A Geneticist's Perspective: What Are the Traits that Further Sustainable Production?

by 5m Editor
22 August 2011, at 12:00am

An outline of selection structure, sustainable traits and measuring genetic progress in egg production and feed conversion by Dr Neil O'Sullivan of Hy-Line International.

Genetics companies sit at the apex of a pyramid of livestock production and are constantly improving the genetic potential of the next generation of animals. Therefore genetic companies must weigh seriously the current demands of the marketplace and predict future demands of the consumer. Genetic improvement relies on measurements of phenotypic traits in pureline and crossbred progeny of pureline animals to evaluate the genetic potential of these animals under commercially relevant environments.

Neil O'Sullivan PhD

The best animals are selected on the basis of these evaluations to reproduce the next generation and to multiply out these genetic improvements to the livestock industries they serve.

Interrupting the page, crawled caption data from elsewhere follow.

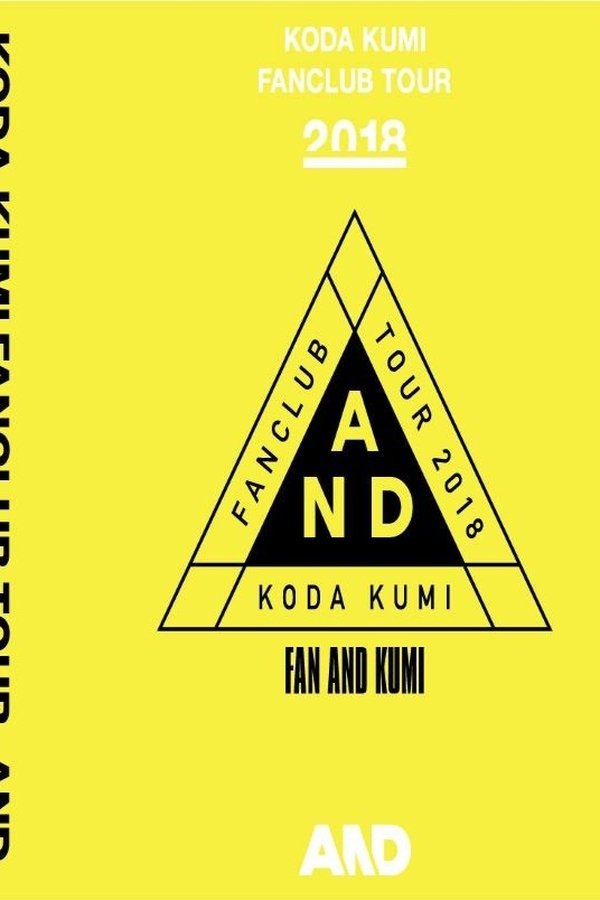 Koda Kumi Fanclub Tour ~AND~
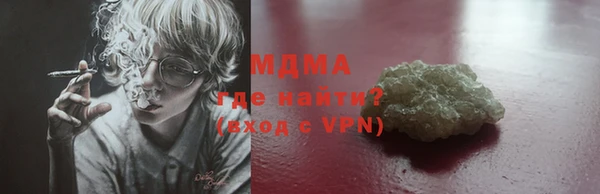 винт Протвино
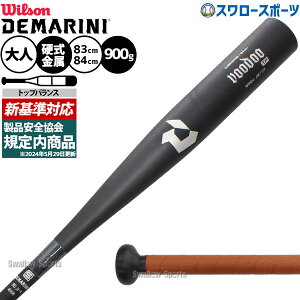 싅 EB\ ʍdp ʗp dp V obg fB}j [hD TP WBD2574010 wilson 싅pi X[X|[c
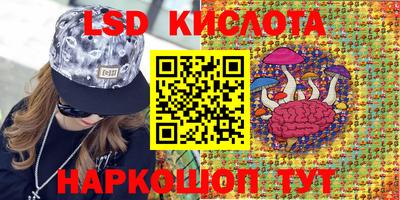 кокаин Гусиноозёрск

In the egg layer industry, we select on a large group of traits, divided into five trait groups, namely production, egg quality, efficiency, animal wellbeing and reproduction. Many of the individual traits within these trait groups have a direct impact on the sustainability of production of eggs as food. Egg layers are among the elite of animal agriculture production systems in terms of their sustainability, with their low carbon footprint, high reproductive rate and most importantly, their high yield relative to low input costs.

Selection Structure

Pedigreed populations, both pureline and crossbred progeny are evaluated for more than 30 different traits in individual animals and in group environments, each and every generation. Only a small percentage of the very best animals with the highest genetic value will be multiplied to produce future production stocks and to perpetuate the pureline themselves.

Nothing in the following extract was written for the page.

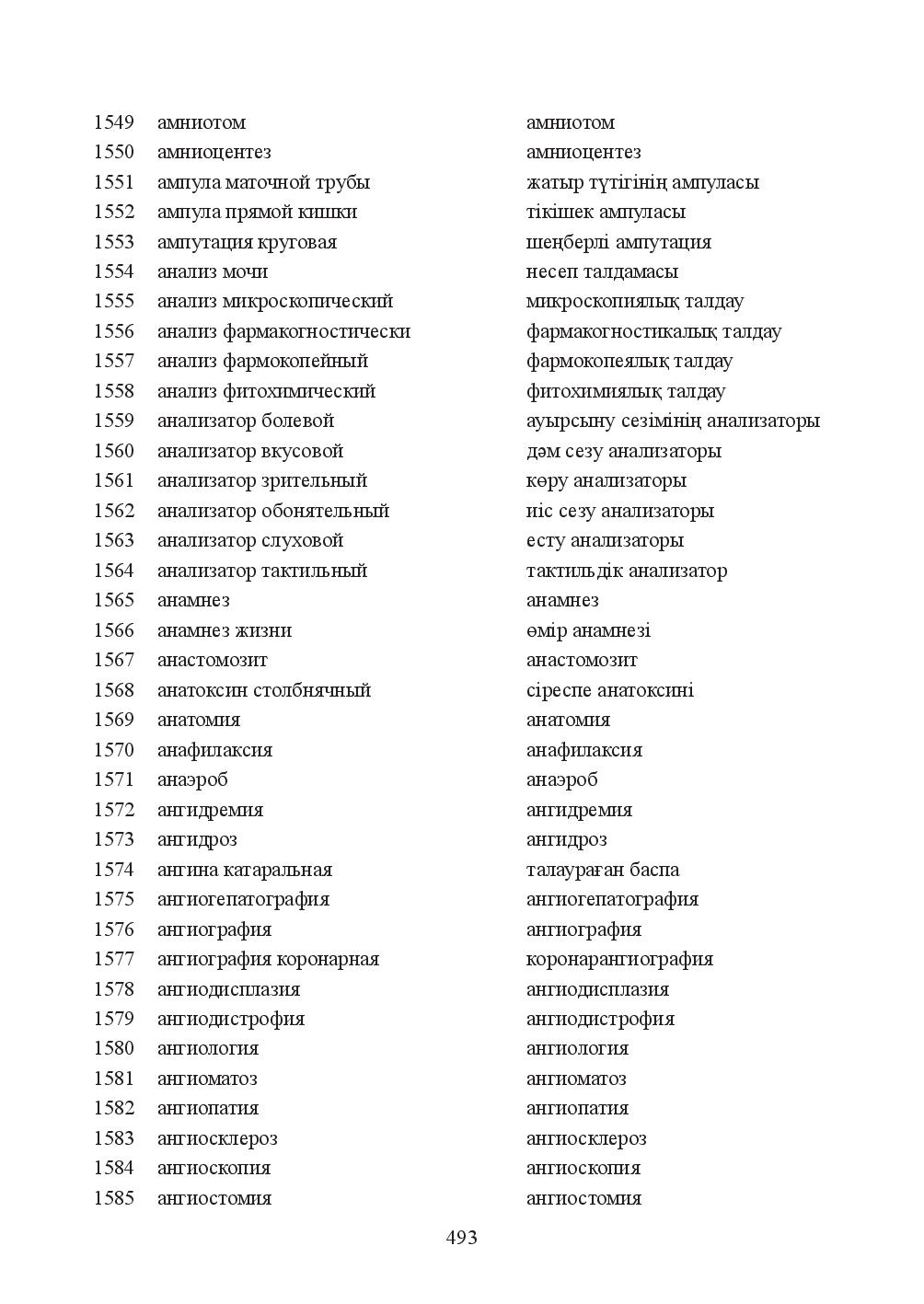 Бет 493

Such a rigorous system needs very high throughput evaluation systems with high accuracy and repeatability of each measurement taken. Today, the phenotype evaluation is accompanied by more and more genotype information from DNA markers such as microsatellite and single nucleotide polymorphism which have been validated to show an association with differences in a trait's performance.

So selection decisions are now made based on a triangulation of data from pureline, crossbred and DNA marker data points. This use of multiple data sources and complex pedigrees over multiple generations requires very large computing power also.

Today, egg layers are evaluated in breeding programmes where crossbred birds are measured under commercial conditions. This allows very good group performance data evaluation for behaviour traits. These traits are important from a sustainable perspective, avoiding feed and water wastage, feather cover of the hens, low social stress and livability related traits along with efficiency traits' direct impact on sustainability.

The trait groups are production traits which include sexual maturity, peak rate of lay, persistency of egg production and post-moult rate of lay.

The animal well-being trait group include livability of pullets and adult layers, specific disease resistance such as Marek's disease, feather cover, social behaviour, reducing fear and nesting behaviour. The quality trait group includes, shell strength, freedom from cracks, shell colour, albumen quality, egg size, yolk weight, percent solids in eggs and freedom from blood or meat spots.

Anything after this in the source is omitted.